By: Nathaniel Charendoff, Section Editor
Newark Academy Athletics offers a wide variety of sports options throughout each semester. You can find yourself smacking forehands down the baseline on the tennis courts, running up and down the gorgeous soccer fields, or even fiercely grappling on the wrestling mats behind a raucous crowd.
But, there are indeed sports it does not offer.
Today I will tell you about another sport. A sport that has never found a rightful place in NA’s athletic curriculum. A sport unbeknownst to a great majority of NA attendees. A sport that truly combines brawn and brain to the fullest capacity.
This sport is called chessboxing.
Here’s how it works. A chessboxing match alternates between 11 total rounds of chess and boxing, as its name suggests. It begins with the first round of a chess match, inside the ring, which lasts three minutes, then after a short interval, switches to three minutes of boxing. Competitors can win through knockout or checkmate, and of course if the opposition player runs out of time designated to the chess match. If a draw occurs in the chess match and no knockout occurs, then the match is decided by boxing points accumulated during the rounds of the fight. There are weight classes just as in traditional boxing.
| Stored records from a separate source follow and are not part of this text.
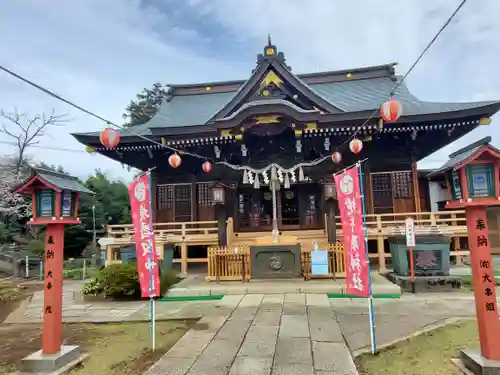 境香取神社の本殿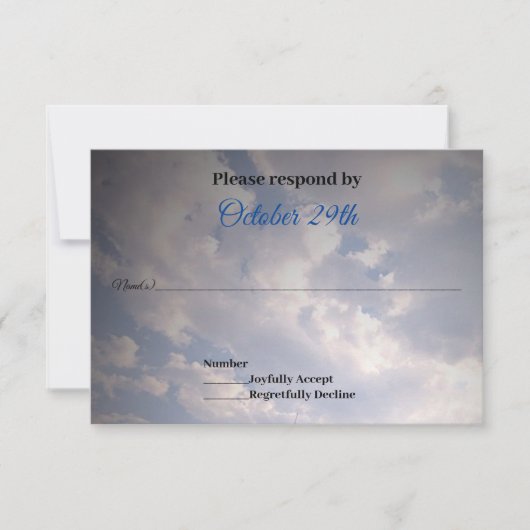 GP Off Road 4X4 Huwelijksreactie Kaart (Voorkant)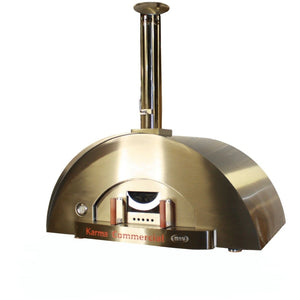 WPPO Karma 55 inch Stainless Steel Outdoor Pizza Oven-Commercial/Large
The first official chessboxing competition occurred in 2003, and the sport has only grown in the years following, especially in Russia, India, Germany, and Great Britain. It was created by Dutchman Iepe Rubingh based on work done by cartoonist Enki Bilal, and has evolved into a now professional sport. In the October of 2005 in Berlin, Tihomir Atanassov Dovramadjiev won the first ever European Chess Boxing Championship. A year later, the world championship qualification matchup between Zoran Mijatovic and Frank Stoldt in Germany saw a crowd of more than 800 people. The German Frank Stoldt eventually won the first world championship title in the light heavyweight division over American David Depto in 2007.
But chessboxing didn’t stop at an 800 person crowd. In the April of 2008, the sport was given credit from FIDE, the World Chess Federation. That same year, chessboxing clubs popped up in London in
and Krasnoyarsk, Russia, and the year later, in Los Angeles. New York Chessboxing Club opened its doors in 2010, giving the United States Chessboxing Clubs on both the west and east coasts. The recent establishments of USA Chessboxing, Chessboxing China, the Chessboxing Organization of Iran, as well as the Italian Chessboxing Federation shows us just how much chessboxing has started to turn into a world phenomenon. If you really want to see it in action, mark down Saturday, October 14, 2017 on your calendars and schedule a flight to Berlin, Germany— that’s when and where the 2017 World Championships are taking place.
Not all reception to the new sport has been 100% positive. When asked about chessboxing in general, sport enthusiast Anthony Giachin ‘17 found it hard to believe that the sport would last all that long. “Chessboxing combines the civil world with barbarian action. It’s ironic that they challenge each other in a battle of intelligence then proceed to go after each other like mad-men. It just seems like too crazy an idea for a sport for it to really survive.”
Avid sports aficionado Kiran Damodaran 17’ also had similar feelings towards chessboxing. He remarked, “I think the concept is really cool and innovative in that these two ideas are often portrayed as opposites; however, I believe that while it may find some success as a niche sport, but it will never gain the same prominence as independently standing events, like boxing itself, because chess boxing provides little to new content – rather, it is a combination. I’m just not sure there’s a large enough market for it to expand as a professional-type sport.”
Alright, so maybe we won’t see chessboxing at NA in the near future. But the creation of such a sport, one that combines two contrasting notions of intellectual and physical contest, is an incredible example of the endless boundaries of imagination and creativity in the world of sports.